Click this link to view the trailer.

These overtly sexist details struck me most as I re-watched Jagged Edge. The film centers on the investigation of the crime the opens the story, with Jeff Bridges playing Jack Forrester, the husband of the victim and the prime suspect. Glenn Close plays Teddy Barnes, a high-powered San Francisco attorney who reluctantly takes on the case; however, soon enough she becomes convinced of Jack’s innocence, and the two sleep together as they prepare for trial. Information revealed during the trial tests Teddy’s faith in Jack’s innocence, but ultimately she believes him and successfully argues for his acquittal. After celebrating the verdict, Jack and Teddy have sex once again, but Teddy discovers crucial evidence in Jack’s home that links him to the crime. In the final scene, the masked man threatens Teddy with a knife, and she shoots him and before pulling off his mask to reveal Jack’s face.

This film clearly falls into eighties feminist backlash territory in spite of Teddy’s intelligence and success as an attorney. Ultimately, Jack manipulates Teddy into believing he is innocent before attempting to kill her, revealing that in spite of her power, she remains vulnerable as a single woman. What’s more, the film problematically contains several scenes in which Teddy’s two children openly complain about her separation from her husband. These touches seem to signal that Teddy is influenced by feminism to some extent, but they also suggest that she has put her career ahead of the happiness of her children, and, in part, her divorced status puts her at-risk for Jack’s manipulation. What might be most insulting about Jagged Edge is the implication that working women will put aside commonsense standards of professionalism (i.e. DON’T SLEEP WITH YOUR CLIENT…WHO IS ACCUSED OF MURDER) for the sake of romance. In summary, the film seems to be a product of its era in the vein of Fatal Attraction (also a Glenn Close film).

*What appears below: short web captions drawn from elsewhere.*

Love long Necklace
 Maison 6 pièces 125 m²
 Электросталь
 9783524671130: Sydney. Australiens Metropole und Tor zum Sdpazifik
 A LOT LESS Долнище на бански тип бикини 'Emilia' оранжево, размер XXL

There’s also some interesting white guilt going on in the film. Teddy in part chooses to represent Jack to challenge an old colleague from her time as a DA named Thomas Krasny, who represents the state in the case against Jack. Early in the film, Teddy attends a funeral for a man named Henry Styles that she helped put away with Krasny but who she later found out was innocent. Henry’s mother, who is black, scolds Teddy for showing up at the burial. After the verdict is announced, Teddy proclaims Styles’ innocence to the press, explaining that Krasny suppressed evidence that would have exonerated Henry. While the film deserves credit for presenting an injustice by white people in power against a black man, it seems like the subplot’s primary purpose is to create tension between Teddy and Thomas, and to present Teddy as a principled person. The film does not explore the issue any deeper, nor does it explicitly mention race as a factor in Henry’s discrimination.

Still, I must admit that I enjoyed Jagged Edge in spite of its ideological problems. It captures a particular era stylistically and ideologically with a splendidly convoluted plot, melodramatic performances, and lots of sex and violence. The writer, Joe Eszterhas, also penned Basic Instinct (1992), a similarly problematic but pleasurable film. While Jagged Edge lacks the knowing wink of Basic Instinct, its twist-and-turns plot does offer some moments of suspense, and Close and Bridges perform the material well. It may not have aged well, but that’s part of the fun of watching it: you’re horrified by the ideologies, rather than staging of the murder.